__TASK REQUIREMENTS__. The material below is to be copied exactly from the line with "Of course there" up to and including the line with "It is time for", with nothing else kept and no pictures.

__SUPPLIED MATERIAL__.
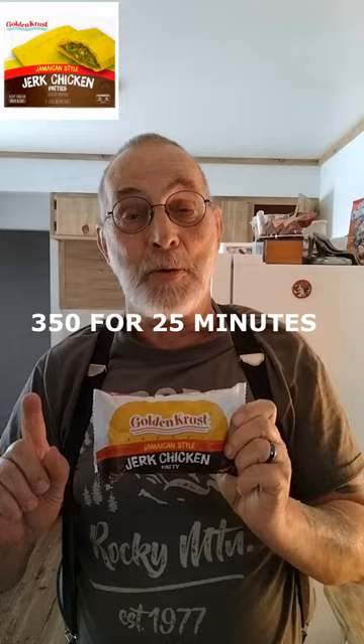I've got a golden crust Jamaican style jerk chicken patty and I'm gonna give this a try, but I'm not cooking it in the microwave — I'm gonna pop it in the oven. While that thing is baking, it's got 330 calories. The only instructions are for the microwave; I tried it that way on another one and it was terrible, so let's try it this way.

...

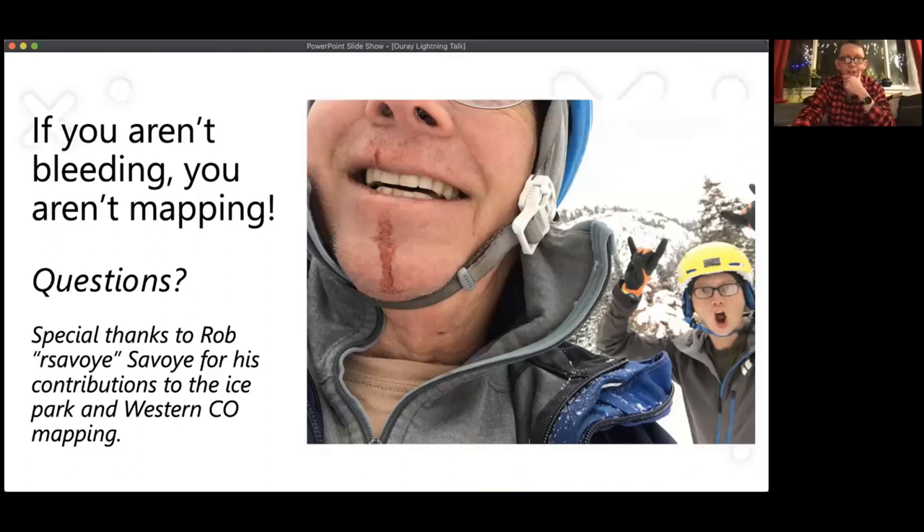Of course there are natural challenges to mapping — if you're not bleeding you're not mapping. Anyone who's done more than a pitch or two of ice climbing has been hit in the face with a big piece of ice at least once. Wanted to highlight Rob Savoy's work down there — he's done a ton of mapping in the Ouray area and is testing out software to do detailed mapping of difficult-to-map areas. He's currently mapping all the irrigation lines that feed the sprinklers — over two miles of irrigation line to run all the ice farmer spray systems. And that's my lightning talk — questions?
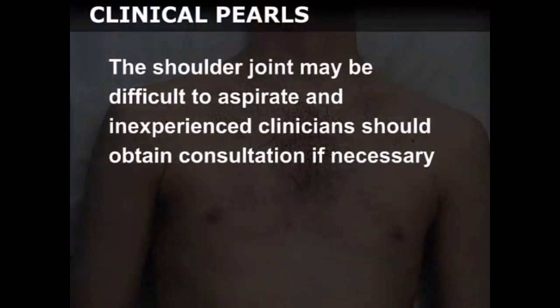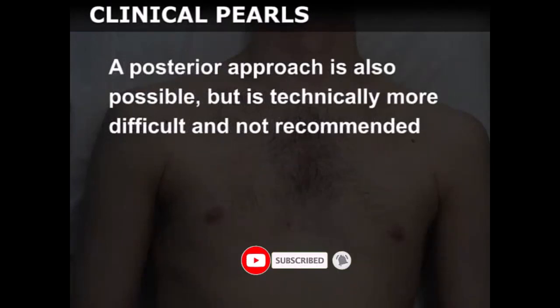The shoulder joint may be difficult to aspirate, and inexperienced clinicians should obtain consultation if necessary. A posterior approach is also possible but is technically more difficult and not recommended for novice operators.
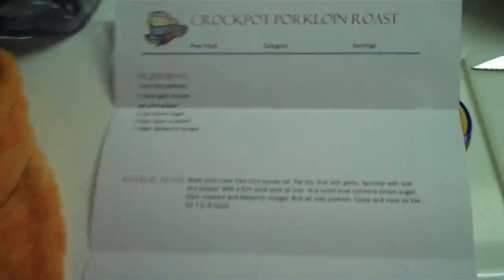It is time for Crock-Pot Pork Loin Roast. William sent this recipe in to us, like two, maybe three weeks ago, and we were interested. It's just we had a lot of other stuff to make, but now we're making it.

__SOLUTION TO THE PROBLEM__.
Of course there are natural challenges to mapping — if you're not bleeding you're not mapping. Anyone who's done more than a pitch or two of ice climbing has been hit in the face with a big piece of ice at least once. Wanted to highlight Rob Savoy's work down there — he's done a ton of mapping in the Ouray area and is testing out software to do detailed mapping of difficult-to-map areas. He's currently mapping all the irrigation lines that feed the sprinklers — over two miles of irrigation line to run all the ice farmer spray systems. And that's my lightning talk — questions?
The shoulder joint may be difficult to aspirate, and inexperienced clinicians should obtain consultation if necessary. A posterior approach is also possible but is technically more difficult and not recommended for novice operators.
It is time for Crock-Pot Pork Loin Roast. William sent this recipe in to us, like two, maybe three weeks ago, and we were interested. It's just we had a lot of other stuff to make, but now we're making it.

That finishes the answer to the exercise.